Le tambour traditionnel haïtien

Objet sacré autant qu’instrument musical, le tambour revêt une dimension symbolique en Haïti. Quand il résonne, il fait vibrer tous les Haïtiens quelle que soit leur foi religieuse ou leur appartenance sociale. Par son symbolisme, il ramène aussi bien au passé qu’il projette vers l’avenir.

Impossible d’évoquer la culture haïtienne  sans parler du tambour. Principal socle sur lequel la cadence des rites est communiquée. L’expression vive des cris qui font sortir nos émotions : peur, joie de vivre, frustrations et désirs deviennent palpable grâce  au tambour.

Accompagnant les joies et les peines de tout un peuple, il est sacralisé. Si le tambour est très présent chez nous et est joué sur n’importe quelle marmite, bout de table ou encore les bancs de l’école, seulement les initiés et les choisis peuvent se prévaloir du titre de tambourineur.

Ti-Bady, batteur de tambour et hounsi à Jacmel, depuis vingt-six ans, nous confie que le tambour est le pilier principal des cérémonies et des rituels vaudou. « À mon sens le tambour est ce qui nous permet de faire revivre les ancêtres. Ce qui nous rapproche le plus d’eux, ce qui nous ramène loin, très loin dans notre passé .Certaines fois, on peut même sentir  leurs souffrances ou même leurs peines à travers le son dégagé par le tambour. Mon père était tambourineur et chef de rara. Que serais-je sans le tambour ? Les loas m’ont choisi dès le berceau pour être celui qui joue sur le manman tanbou, transgresser à cela serait un signe de non-respect aux loas et à ma famille » poursuit-il.

Dimension culturelle et spirituelle du tambour

D’effets saisissants aussi bien qu’immédiats, le tambour ne laisse personne indifférent. Nul ne peut se soustraire au son produit que produit cet instrument et objet sacré. Les battements jaillissant du tambour interpellent et invitent au déhanchement, ramenant ainsi chaque Haïtien à ses origines. Quelque soit sa confession de foi, le tambour nous touche, nous surprend, nous interpelle.

‘’Quant à moi, le tambour me transcende notamment Azor. Il me fait danser, me fait vibrer.  Ses chansons réveillent l’haïtien en moi, il donne la cadence d’une forte décharge  pulsée et auditive. Et souvent même à l’église, parfois distrait, je me mets à battre des pieds ou me laisse emporter totalement par le rythme. Surpris, je réalise que je suis dans un espace où il n’est pas permis de danser, nous raconte Sorel Jean, membre de l’Église baptiste de la foi.

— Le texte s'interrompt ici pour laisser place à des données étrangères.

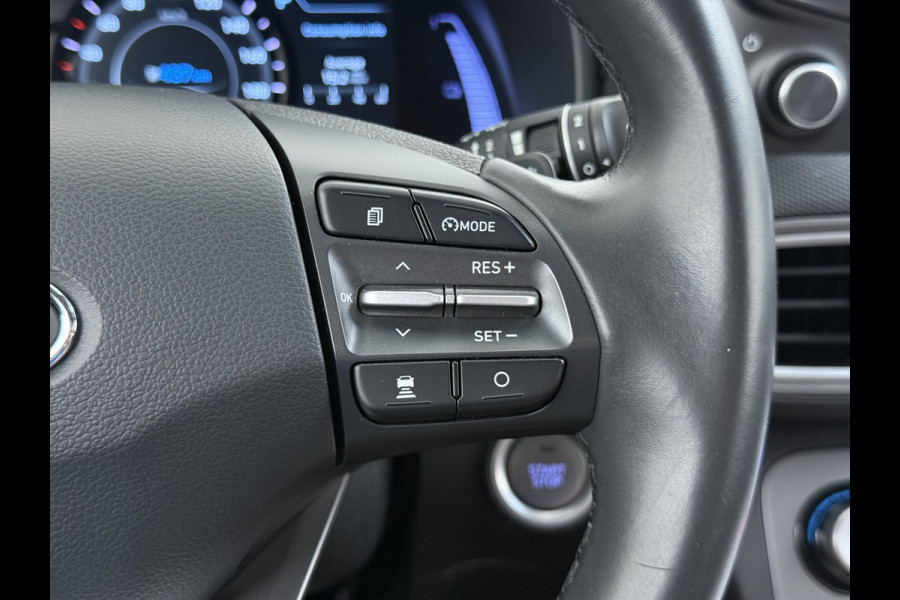 Hyundai Kona EV Comfort 64kWh 3-Fase Laden Warmtepomp Adap.Cruise SOH 100% Camera Navi* Apple Carplay Android Auto Ecc Pdc Keyless Lane Assist Bluetooth DAB Led FCA Origineel Nederlandse Auto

Du religieux au profane, passant par les domaines artistiques et littéraires, cet instrument éveille dans l’âme haïtienne des émotions puissantes et interpelle l’Haïtien au plus profond de son être. De ce fait, même si l’haïtien se convertit au monothéisme, ils gardent avec eux le son, et les rythmes parce qu’ils vivent en eux comme le créole.

Pour Sherlande Michel, baptisée à l’église baptiste de la fraternité, le son du tambour est lié à la vie, sa célébration, ses hauts et ses bas. Il représente la beauté d’une nation et toute son histoire.

‘’J’adore les manifestations culturelles a la faculté d’ethnologie, les vibrations de l’espace agissent sur moi comme catalyseurs d’énergies. ‘’ nous explique-t-elle enthousiaste.

Indissociable du vaudou, le tambour qui a longtemps fait objet de rejet par le monde religieux semble aujourd’hui être magnifiquement accepté dans les églises. Le tambour cet instrument qui a toujours rythmé le quotidien de l’Haïtien charrie une dimension symbolique parce qu’il mobilise et rassemble autour du passé.